AI/ML Deep Dive: Semantic Search

Day 22 · 2026-06-08
For: engineers with coding experience, not specialized in AI
Engineering counterpart → super-individual D11: RAG in Practice (retrieval quality, chunking, re-ranking)

BM25 Lexical RetrievalBM25 / Lexical Retrieval

sparse retrievalstatistical scoring
One-line analogy

BM25 is that default full-text scoring function inside Elasticsearch / Lucene—you've been using it for years. Think of it as a relevance formula sitting on top of a database inverted index: given the words in a query, it scores each document by "how well it matches" and ranks them.
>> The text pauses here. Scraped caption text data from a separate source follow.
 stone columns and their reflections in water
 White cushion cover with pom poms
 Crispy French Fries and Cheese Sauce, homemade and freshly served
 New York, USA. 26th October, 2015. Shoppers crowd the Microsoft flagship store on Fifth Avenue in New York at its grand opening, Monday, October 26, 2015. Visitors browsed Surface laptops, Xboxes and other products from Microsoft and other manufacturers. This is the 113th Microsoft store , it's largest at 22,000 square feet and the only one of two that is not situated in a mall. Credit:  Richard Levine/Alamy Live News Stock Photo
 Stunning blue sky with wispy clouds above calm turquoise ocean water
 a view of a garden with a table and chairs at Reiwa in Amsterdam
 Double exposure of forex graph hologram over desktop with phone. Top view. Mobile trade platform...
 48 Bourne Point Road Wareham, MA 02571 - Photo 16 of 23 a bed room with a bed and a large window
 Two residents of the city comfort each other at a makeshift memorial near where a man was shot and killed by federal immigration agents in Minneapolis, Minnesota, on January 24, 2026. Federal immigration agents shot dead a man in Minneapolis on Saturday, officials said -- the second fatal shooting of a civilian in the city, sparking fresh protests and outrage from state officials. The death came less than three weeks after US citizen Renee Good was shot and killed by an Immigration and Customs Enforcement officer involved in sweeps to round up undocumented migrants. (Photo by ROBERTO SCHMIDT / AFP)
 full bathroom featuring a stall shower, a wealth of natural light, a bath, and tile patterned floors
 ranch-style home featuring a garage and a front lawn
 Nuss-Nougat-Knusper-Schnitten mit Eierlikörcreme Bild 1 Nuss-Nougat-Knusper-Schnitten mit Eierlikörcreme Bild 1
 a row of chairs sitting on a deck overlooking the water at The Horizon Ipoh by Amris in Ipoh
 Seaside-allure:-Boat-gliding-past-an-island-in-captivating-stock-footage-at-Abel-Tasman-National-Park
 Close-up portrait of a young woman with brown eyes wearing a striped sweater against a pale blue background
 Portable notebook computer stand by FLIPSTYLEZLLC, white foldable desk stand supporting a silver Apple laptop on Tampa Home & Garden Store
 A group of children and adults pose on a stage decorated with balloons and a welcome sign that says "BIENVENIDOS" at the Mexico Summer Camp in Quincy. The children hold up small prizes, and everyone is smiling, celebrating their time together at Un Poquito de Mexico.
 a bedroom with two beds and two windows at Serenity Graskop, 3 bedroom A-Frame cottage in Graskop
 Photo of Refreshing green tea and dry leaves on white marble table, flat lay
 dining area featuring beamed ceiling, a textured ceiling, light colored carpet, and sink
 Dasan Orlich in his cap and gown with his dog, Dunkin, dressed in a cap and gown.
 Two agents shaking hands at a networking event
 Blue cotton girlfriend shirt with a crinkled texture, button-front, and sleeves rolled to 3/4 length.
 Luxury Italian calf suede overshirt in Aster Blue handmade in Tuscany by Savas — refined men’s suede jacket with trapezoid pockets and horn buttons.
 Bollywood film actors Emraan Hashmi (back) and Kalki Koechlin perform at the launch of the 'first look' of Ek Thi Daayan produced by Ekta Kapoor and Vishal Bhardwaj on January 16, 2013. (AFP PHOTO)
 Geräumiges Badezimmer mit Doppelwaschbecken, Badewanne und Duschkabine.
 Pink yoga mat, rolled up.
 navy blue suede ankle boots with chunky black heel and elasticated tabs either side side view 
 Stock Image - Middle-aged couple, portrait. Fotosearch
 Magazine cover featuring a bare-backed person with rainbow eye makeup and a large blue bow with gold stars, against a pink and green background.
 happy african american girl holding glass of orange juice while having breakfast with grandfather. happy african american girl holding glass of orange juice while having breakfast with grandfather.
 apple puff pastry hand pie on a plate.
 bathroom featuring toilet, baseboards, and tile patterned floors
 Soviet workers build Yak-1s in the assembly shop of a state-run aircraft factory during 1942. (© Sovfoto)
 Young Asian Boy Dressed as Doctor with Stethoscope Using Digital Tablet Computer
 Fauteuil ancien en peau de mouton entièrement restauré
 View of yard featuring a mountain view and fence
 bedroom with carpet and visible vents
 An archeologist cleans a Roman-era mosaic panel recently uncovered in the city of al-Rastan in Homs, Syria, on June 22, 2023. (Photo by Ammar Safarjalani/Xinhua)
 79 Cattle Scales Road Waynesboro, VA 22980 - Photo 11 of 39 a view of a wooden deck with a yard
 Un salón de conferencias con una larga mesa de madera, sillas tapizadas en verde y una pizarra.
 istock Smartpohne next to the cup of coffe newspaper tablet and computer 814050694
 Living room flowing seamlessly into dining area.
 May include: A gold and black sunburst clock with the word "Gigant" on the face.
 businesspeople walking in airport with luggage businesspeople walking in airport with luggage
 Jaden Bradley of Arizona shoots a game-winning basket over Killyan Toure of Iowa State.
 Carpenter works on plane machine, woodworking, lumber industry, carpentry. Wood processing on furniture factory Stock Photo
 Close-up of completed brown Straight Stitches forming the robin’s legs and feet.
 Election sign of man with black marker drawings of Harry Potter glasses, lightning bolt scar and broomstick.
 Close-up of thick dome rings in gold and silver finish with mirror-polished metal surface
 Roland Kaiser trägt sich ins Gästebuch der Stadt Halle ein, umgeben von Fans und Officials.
It's the statistical upgrade of SQL LIKE—not just "does it contain the keyword" but "how well does it contain it".

What it solves + how it works

The most naive relevance score is just counting keyword occurrences (term frequency, TF). That has two flaws: (1) common words like "the"/"is" appear constantly but carry no signal; (2) long documents naturally have more words and get an unfair edge. BM25 fixes exactly these:

  • IDF (inverse document frequency)—the rarer a word is across documents, the more discriminative it is, so it gets higher weight. "quantum entanglement" is worth more than "system";
  • Term-frequency saturation—going from 1 to 10 occurrences matters a lot; 10 to 100 barely matters. BM25 lets the score saturate with frequency rather than grow linearly;
  • Length normalization—discounts by relative document length so long docs can't win just by being wordy.

The core scoring formula (summed over each query term qi):

score(D,Q) = Σi  IDF(qi) · f(qi,D)·(k₁+1) / [ f(qi,D) + k₁·(1 − b + b·|D|/avgdl) ]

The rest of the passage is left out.